Leveraging Partial Symmetry for Multi-Agent Reinforcement Learning
Xin Yu, Rongye Shi, Pu Feng, Yongkai Tian, Simin Li, Shuhao Liao, Wenjun Wu
TL;DR
This work tackles the challenge of leveraging symmetry in multi-agent reinforcement learning when symmetry is partial rather than perfect. It formalizes the partially symmetric Markov game, proves a bounded performance error for symmetry-based training, and introduces the Partial Symmetry Exploitation (PSE) framework to adaptively exploit symmetry via quantification, annealing, augmentation, and a symmetry-consistency loss.
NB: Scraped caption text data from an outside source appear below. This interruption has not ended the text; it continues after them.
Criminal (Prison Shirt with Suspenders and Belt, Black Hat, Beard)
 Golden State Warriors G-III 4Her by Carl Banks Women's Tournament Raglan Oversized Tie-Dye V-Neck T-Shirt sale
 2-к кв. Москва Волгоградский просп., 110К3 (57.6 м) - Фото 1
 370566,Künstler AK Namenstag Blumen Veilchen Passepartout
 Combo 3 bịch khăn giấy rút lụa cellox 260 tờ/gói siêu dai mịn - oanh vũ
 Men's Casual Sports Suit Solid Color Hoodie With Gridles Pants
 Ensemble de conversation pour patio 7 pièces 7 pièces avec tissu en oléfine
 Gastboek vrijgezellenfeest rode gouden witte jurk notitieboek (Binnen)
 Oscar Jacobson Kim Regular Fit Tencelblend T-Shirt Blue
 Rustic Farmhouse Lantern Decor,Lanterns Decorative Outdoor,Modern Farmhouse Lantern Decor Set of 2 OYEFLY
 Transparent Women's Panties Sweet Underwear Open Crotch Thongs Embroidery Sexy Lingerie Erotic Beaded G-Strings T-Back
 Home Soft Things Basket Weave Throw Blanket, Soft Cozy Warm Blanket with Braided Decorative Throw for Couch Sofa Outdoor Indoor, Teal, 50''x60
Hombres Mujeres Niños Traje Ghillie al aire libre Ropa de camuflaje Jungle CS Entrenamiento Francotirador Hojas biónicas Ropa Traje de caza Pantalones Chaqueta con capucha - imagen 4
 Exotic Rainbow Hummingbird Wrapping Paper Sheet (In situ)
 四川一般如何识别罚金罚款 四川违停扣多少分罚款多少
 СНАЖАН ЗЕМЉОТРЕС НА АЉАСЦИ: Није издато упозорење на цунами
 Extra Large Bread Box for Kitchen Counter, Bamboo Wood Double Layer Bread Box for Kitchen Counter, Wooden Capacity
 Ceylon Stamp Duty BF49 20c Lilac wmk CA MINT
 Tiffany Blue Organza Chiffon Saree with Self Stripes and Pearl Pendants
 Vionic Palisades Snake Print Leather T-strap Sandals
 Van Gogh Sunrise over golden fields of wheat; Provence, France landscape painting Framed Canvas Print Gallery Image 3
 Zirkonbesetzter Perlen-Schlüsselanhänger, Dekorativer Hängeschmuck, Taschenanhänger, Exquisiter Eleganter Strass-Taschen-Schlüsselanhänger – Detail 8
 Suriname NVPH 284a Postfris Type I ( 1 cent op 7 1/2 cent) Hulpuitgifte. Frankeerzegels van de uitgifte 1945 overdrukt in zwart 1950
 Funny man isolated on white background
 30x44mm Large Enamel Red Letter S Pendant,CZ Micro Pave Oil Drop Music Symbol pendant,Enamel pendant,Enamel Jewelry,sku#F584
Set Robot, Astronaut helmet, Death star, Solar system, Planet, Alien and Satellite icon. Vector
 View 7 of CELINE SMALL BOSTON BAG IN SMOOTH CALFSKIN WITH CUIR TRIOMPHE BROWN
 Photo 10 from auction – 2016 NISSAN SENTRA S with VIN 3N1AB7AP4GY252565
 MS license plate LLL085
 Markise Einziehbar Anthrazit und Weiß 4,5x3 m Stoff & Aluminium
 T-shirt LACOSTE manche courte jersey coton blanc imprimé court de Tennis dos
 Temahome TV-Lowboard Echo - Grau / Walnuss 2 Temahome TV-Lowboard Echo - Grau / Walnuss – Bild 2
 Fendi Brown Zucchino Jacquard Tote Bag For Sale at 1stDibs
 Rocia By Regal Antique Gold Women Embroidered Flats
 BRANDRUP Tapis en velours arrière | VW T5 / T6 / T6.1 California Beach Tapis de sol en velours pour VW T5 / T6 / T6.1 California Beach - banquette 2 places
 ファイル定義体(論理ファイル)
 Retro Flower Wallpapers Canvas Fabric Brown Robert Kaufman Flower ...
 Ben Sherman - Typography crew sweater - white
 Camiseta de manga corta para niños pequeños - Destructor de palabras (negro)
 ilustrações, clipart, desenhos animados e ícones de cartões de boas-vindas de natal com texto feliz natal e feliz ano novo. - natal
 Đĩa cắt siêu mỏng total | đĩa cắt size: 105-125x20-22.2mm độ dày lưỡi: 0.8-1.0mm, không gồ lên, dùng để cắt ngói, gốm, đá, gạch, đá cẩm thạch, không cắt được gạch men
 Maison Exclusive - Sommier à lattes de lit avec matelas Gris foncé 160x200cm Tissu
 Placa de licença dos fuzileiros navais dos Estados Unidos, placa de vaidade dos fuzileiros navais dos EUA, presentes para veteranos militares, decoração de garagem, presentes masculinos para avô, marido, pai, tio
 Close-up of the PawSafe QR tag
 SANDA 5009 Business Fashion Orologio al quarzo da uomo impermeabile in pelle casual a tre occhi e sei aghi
Empirical results across classic MARL benchmarks and real-world robot experiments show that PSE consistently improves sample efficiency and outcomes under symmetry-breaking conditions, outperforming strong baselines. The approach offers a practical pathway to incorporate inductive biases in realistic MARL deployments, with implications for robust coordination in heterogeneous, partially symmetric systems.
Abstract
Incorporating symmetry as an inductive bias into multi-agent reinforcement learning (MARL) has led to improvements in generalization, data efficiency, and physical consistency. While prior research has succeeded in using perfect symmetry prior, the realm of partial symmetry in the multi-agent domain remains unexplored. To fill in this gap, we introduce the partially symmetric Markov game, a new subclass of the Markov game. We then theoretically show that the performance error introduced by utilizing symmetry in MARL is bounded, implying that the symmetry prior can still be useful in MARL even in partial symmetry situations. Motivated by this insight, we propose the Partial Symmetry Exploitation (PSE) framework that is able to adaptively incorporate symmetry prior in MARL under different symmetry-breaking conditions. Specifically, by adaptively adjusting the exploitation of symmetry, our framework is able to achieve superior sample efficiency and overall performance of MARL algorithms. Extensive experiments are conducted to demonstrate the superior performance of the proposed framework over baselines. Finally, we implement the proposed framework in real-world multi-robot testbed to show its superiority.